### TASK TO CARRY OUT
Starting with the line that has "71 Fountainhead Ct" and finishing with the line that has "Alumnos del San", set down each line below exactly. Pictures are not copied.

### EXCERPTED DATA
###

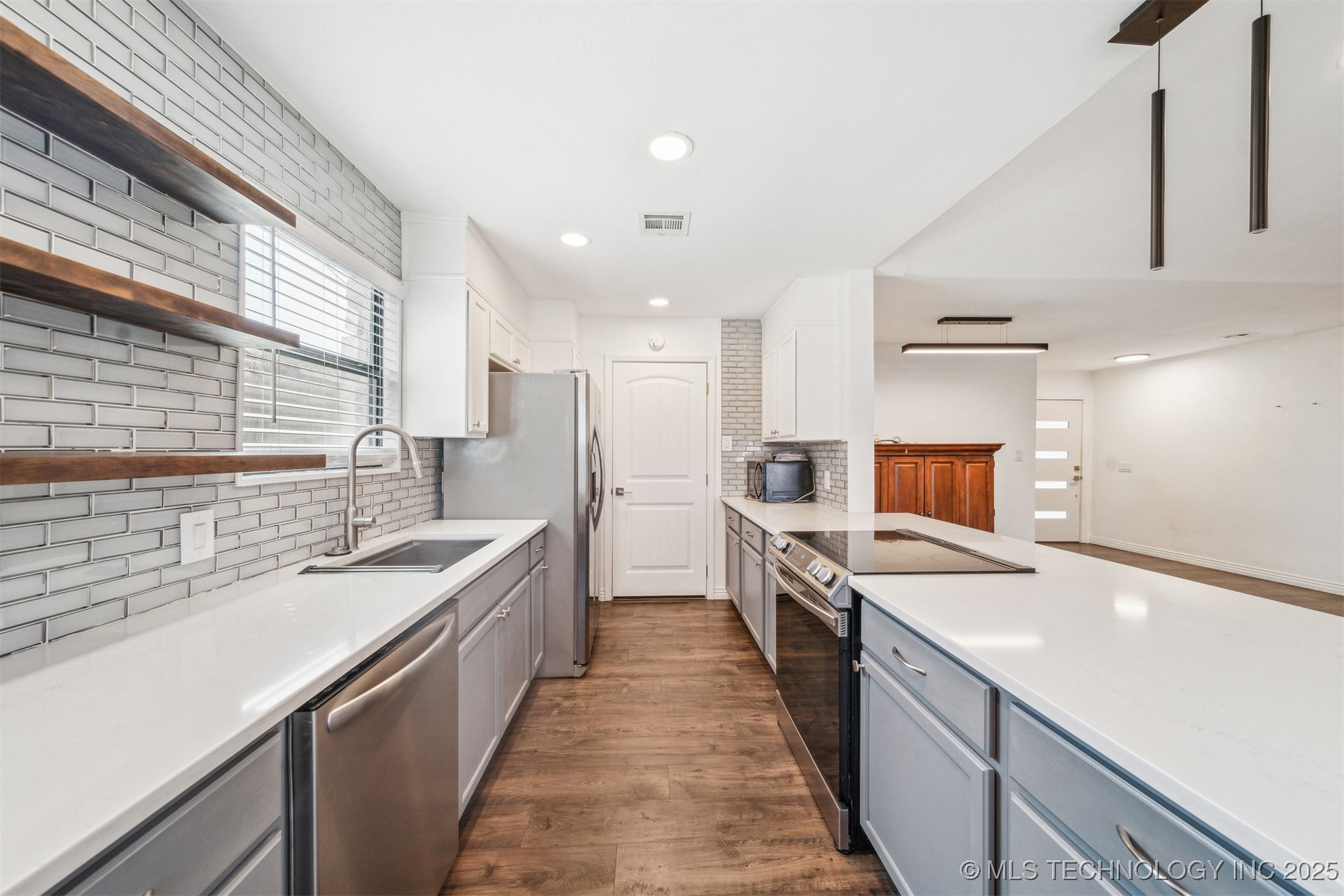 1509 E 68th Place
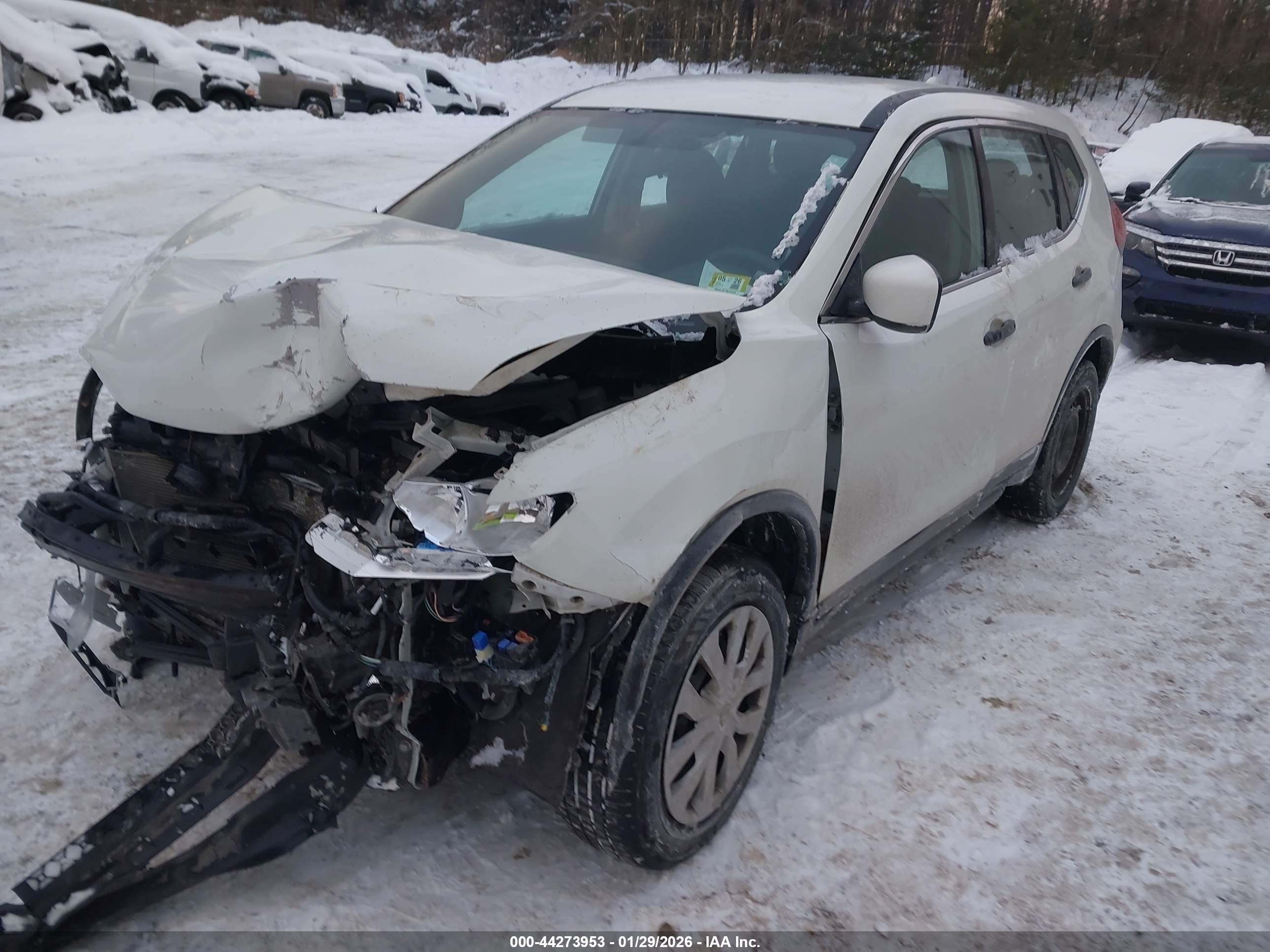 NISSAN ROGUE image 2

###

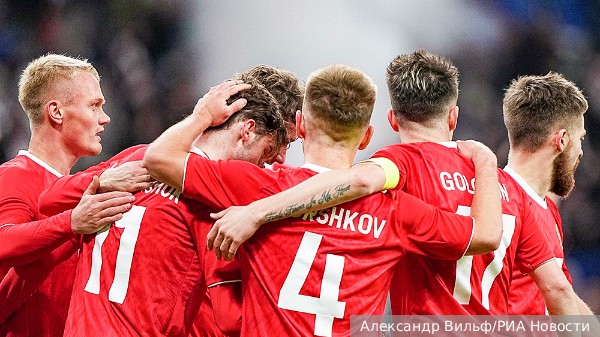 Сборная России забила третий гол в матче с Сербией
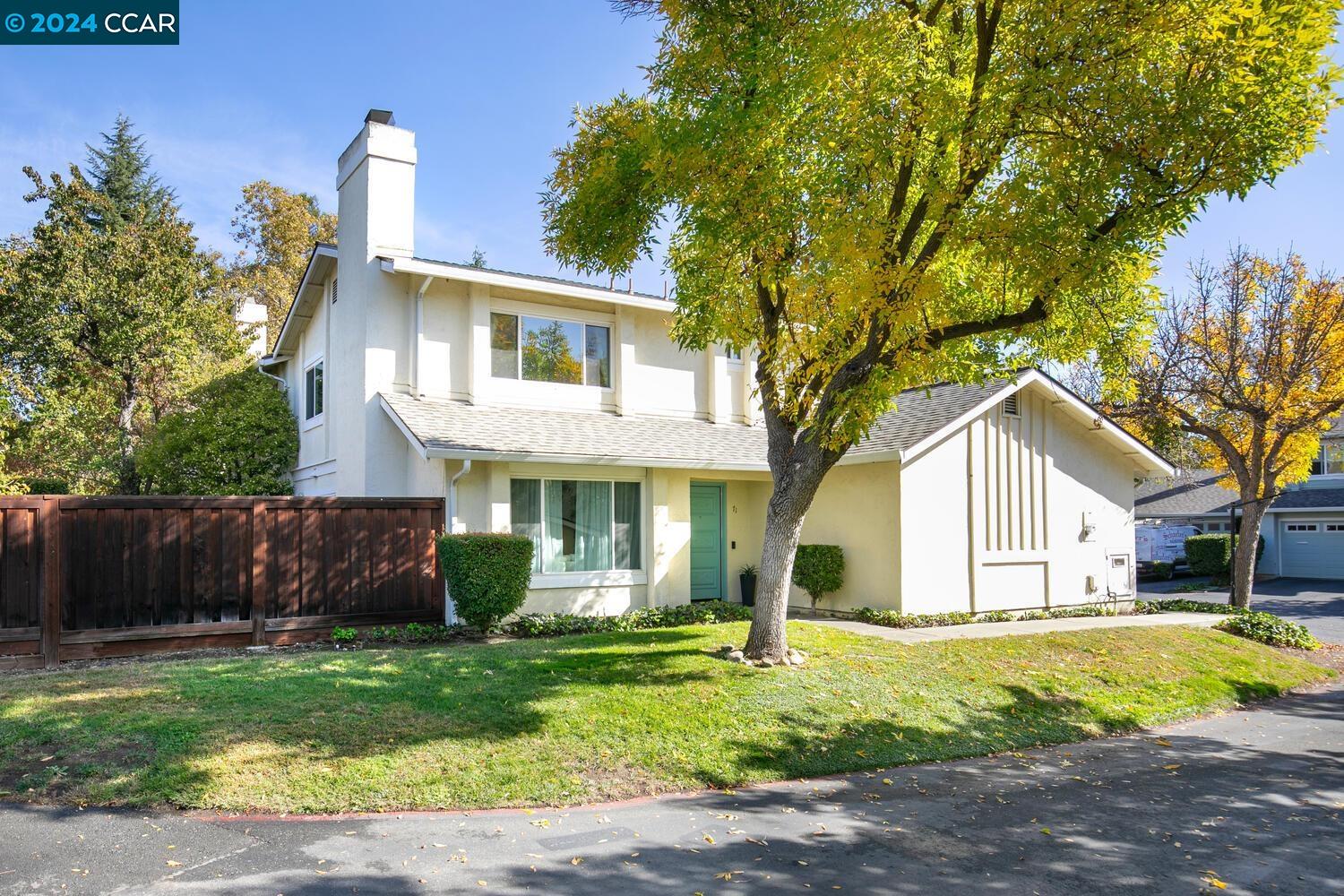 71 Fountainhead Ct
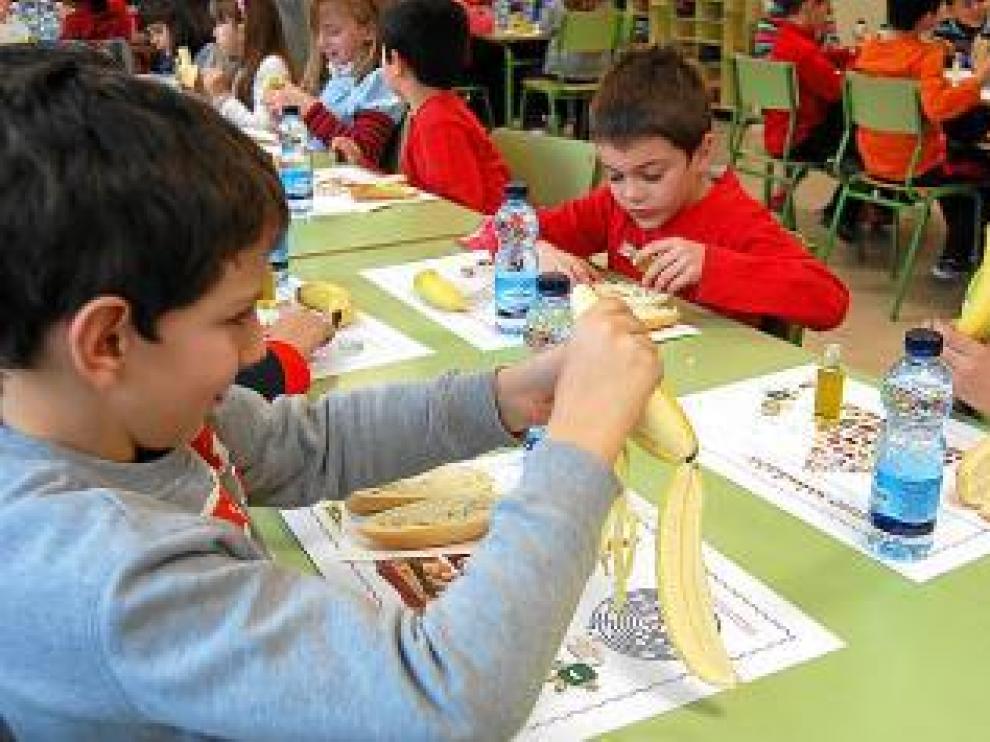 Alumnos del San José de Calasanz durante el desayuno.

###

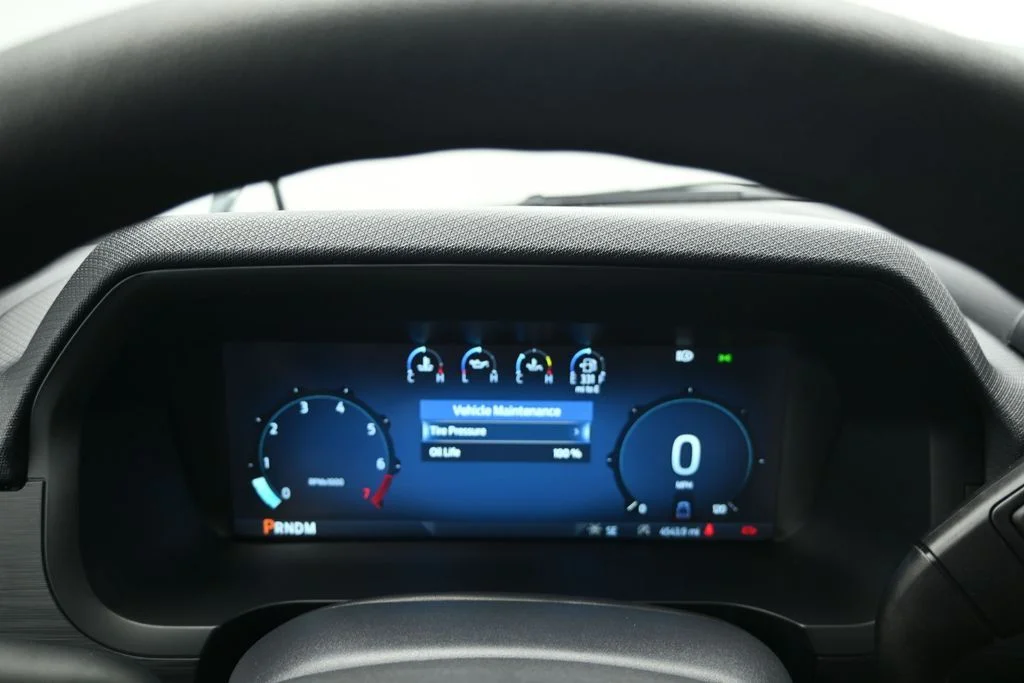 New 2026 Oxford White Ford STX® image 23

###

### THE ANSWER
 71 Fountainhead Ct
 Alumnos del San José de Calasanz durante el desayuno.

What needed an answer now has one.